This week my Tuesday night Bible class, The Jewish Context of the Bible, was on the Romans. You can find the audio online at the website of Prestoncrest Church of Christ and also on my Audio Lessons page (along with the handout).
In the lesson we talked about Roman history and how the evolution of the Roman Triumphal Procession became a powerful symbol for the believers in Rome who Mark was writing1. I’d like to go a bit deeper into one particular aspect of the Markan crucifixion narrative now with a short study on a brutal game that Roman soldiers played, likely with Jesus as their target.
In the Roman Army the soldiers would be stationed all over the known world, many times very far away from home. It was often a boring job as the day to day routine played itself out. While Judea was a volotile province it was still probably a pretty boring job being a legionnaire from day to day and so the soldiers played games to pass the time. On the floor of the Antonia fortress in Jerusalem (today a convent – The Sisters of Zion – is built over the site) which is where Jesus was tried by Pilate, archeologists have found the markings of the game known as The Game of the King.

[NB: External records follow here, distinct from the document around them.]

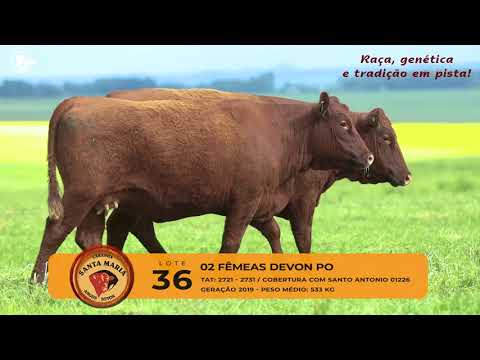 LOTE 36 - 2 FÊMEAS DEVON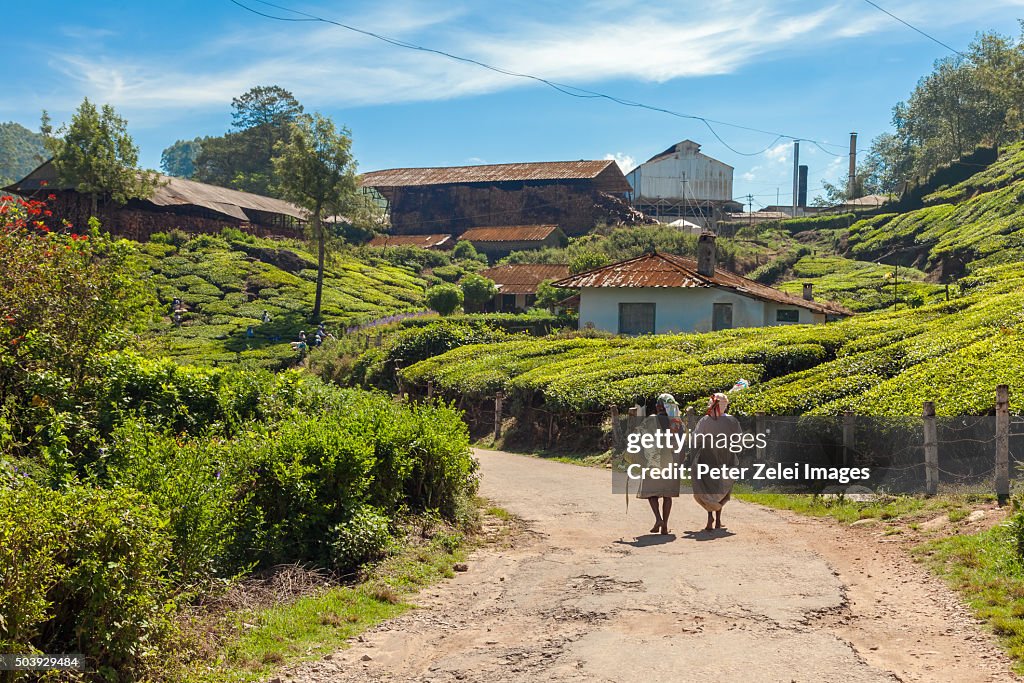 Tea plantation and processing facility in Kerala, India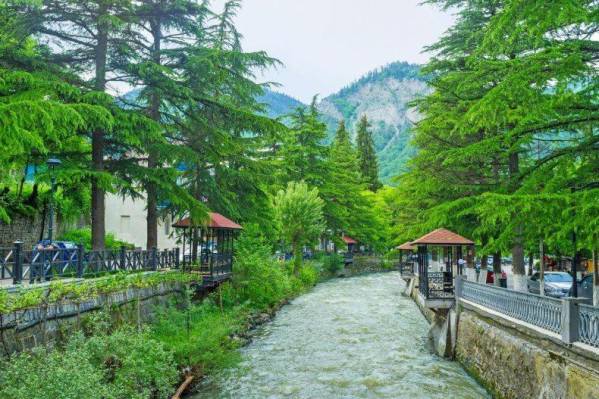 Holiday Borjomi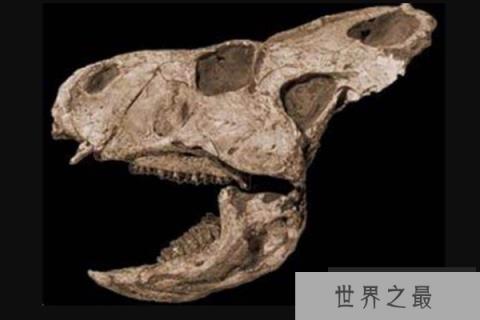 扁角龙：颈盾短小的植食恐龙，别名鞑靼扁角龙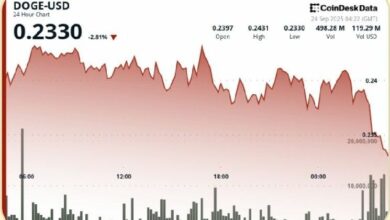 دوج كوين يحافظ على استقراره فوق دعم 0.24 دولار في جلسة متقلبة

It was played with sheep’s knuckles as dice and they would roll those dice on a playing board. The soldiers would pick one of their own and make him the “king”. They would give him robe, a crown, a scepter, and they would pay homage to him. During the course of the day the soldiers would gamble for all of his possessions – clothes, wife, home back in Rome, etc, culminating in gambling for who got to kill him. These Roman soldiers would pick some poor hapless new recruit and they’d make a game out of killing him. A terrible initiation ritual, but it shows you the brutality of the Roman legions. Most of them weren’t nice people.
Somewhere along the way, perhaps Caesar Augustus in his sweeping reforms, outlawed the playing of the game because it was hurting morale and he was losing good troops, so the soldiers then moved to using condemned prisoners. Now enter the condemned prisoner, the rabbi Jesus. He was made to look like a king by being given a robe, a crown, and a scepter. He was then mocked, beaten, spit upon, while they pretended to pay homage to him. Eventually all of his belongings were gambled on as they “cast lots” which was done with sheep’s knuckle dice and they killed him.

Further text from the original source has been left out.